Once upon a time, there was a writer who had a lot to learn…
When I signed up for book inc’s Memoir Incubator last January, I knew there were a lot of things I didn’t know about writing a full-length manuscript. Mostly, how? But, I was excited to learn as I went. And learn I did. Things like: writing begets writing (even a quick burst of 15 minutes can keep you in your story), that writing fast and moving forward will get you to the finish line (and you might even be pleased-ish with the material you have to revise), and pushing through resistance will yield surprises.
One thing I felt certain I knew, though, was my subject—what I was writing about. This was, after all, a memoir. Right? Right?!
Reader, she did not know…
Story is all about transformation. Our protagonists need to want something, struggle to get it, and be changed by the end of the narrative arc. It took over 50,000 words before I realized that I did not entirely know what my protagonist wanted. Sure, the scenes were clear, but the themes kept changing.
I’m embarrassed to admit it, because … er, since it is a memoir, I am the protagonist.
Then, she started writing fiction…
In the last few months, I’ve been outlining what I hope will be the scaffolding for a novel. As I write through journaling prompts and beat structure, I’ve started to explore what my fictional hero wants. At first, I gave her an external desire—the belief that, “If only I could achieve this one thing, my life will be better.” I brainstormed a bunch of obstacles to keep her from attaining that goal. Then, I thought about why this character believes that this external goal will change her life? What does she think achieving this goal will give her?
As I answered questions about my fictional protagonist, something clicked.
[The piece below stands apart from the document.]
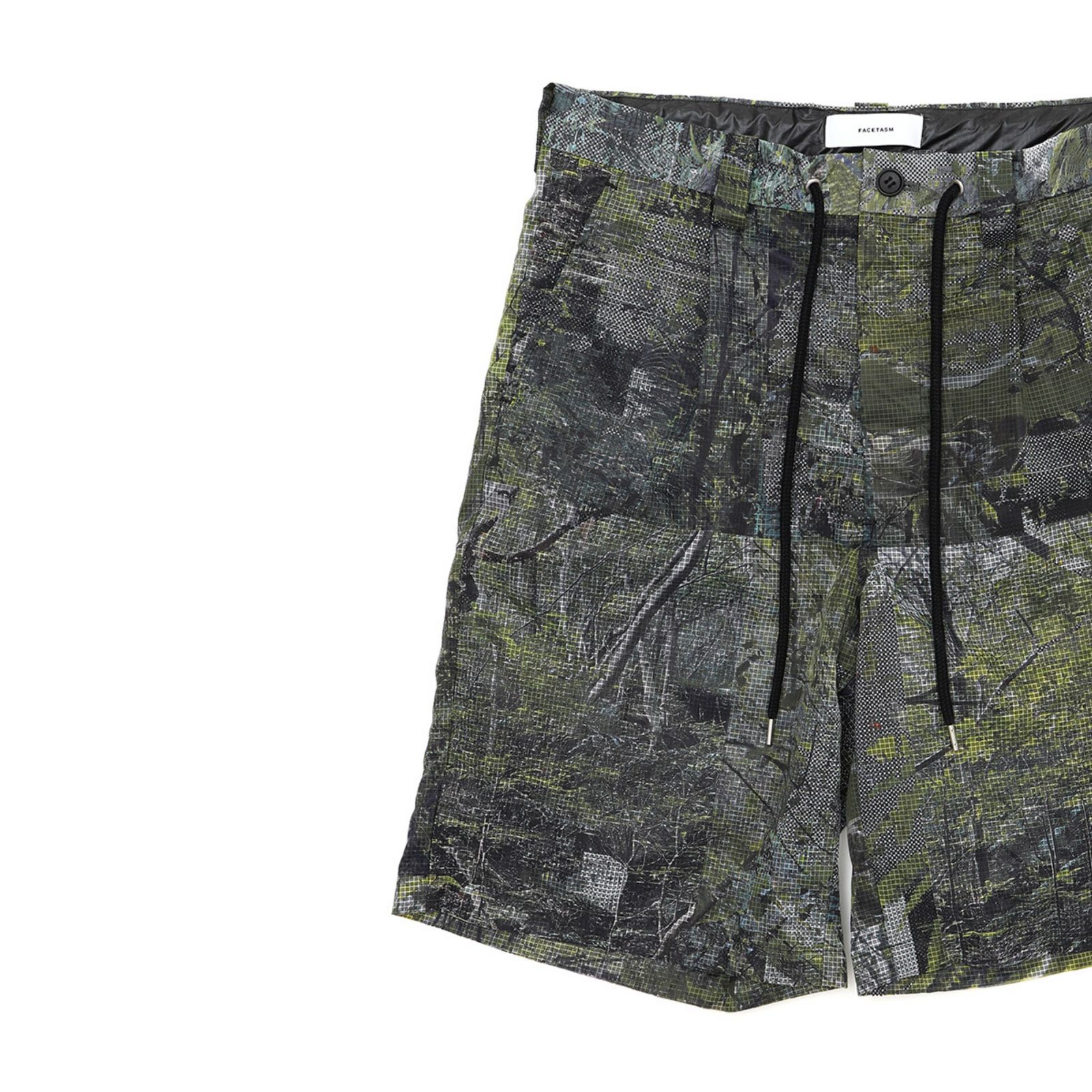 FOREST SHORTS (BLACKGREEN) / 森林(カモフラージュ柄) ショートパンツ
Once I moved further into my outline, imagining plot points as I went, I could see that my fictional hero and my memoir hero kiiinda want the same thing [insert forehead slap here].
Whether I’m making it up or exploring my own life, I seem to always come back to themes of identity and belonging. Though no less vulnerable, writing fiction feels less personal somehow. I still worry about entertaining the reader, but I’m relieved to not be the character on the page.
She is transformed (ehh, but still learning… )
Intentionally or not, I think that writers explore the same topics—making sense of their own human longings and needs—from different perspectives in different ways. Sometimes we do it without even realizing it.
The story, I’ve learned, will reveal itself through the writing … I just didn’t know that it would take writing fiction to reveal the real story within my memoir.